TASK DIRECTIONS:
Scan the lines below for "фото"; report the number of lines that contain it, and only that.

Content starts

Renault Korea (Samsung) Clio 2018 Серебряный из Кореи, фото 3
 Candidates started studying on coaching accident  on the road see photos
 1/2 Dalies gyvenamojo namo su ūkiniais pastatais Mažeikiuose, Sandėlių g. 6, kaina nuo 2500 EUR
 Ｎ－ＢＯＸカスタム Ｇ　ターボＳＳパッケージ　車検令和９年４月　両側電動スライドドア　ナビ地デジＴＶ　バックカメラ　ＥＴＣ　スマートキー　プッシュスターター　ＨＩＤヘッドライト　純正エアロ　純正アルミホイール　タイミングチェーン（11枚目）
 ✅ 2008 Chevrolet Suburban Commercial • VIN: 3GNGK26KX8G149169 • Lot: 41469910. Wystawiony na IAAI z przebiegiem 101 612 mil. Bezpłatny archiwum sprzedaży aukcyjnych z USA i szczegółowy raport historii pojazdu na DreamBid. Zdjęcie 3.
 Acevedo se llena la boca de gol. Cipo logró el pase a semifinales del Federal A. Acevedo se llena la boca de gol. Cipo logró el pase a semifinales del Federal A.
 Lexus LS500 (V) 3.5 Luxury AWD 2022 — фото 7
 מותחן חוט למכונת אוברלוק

Content ends

FINAL ANSWER:
2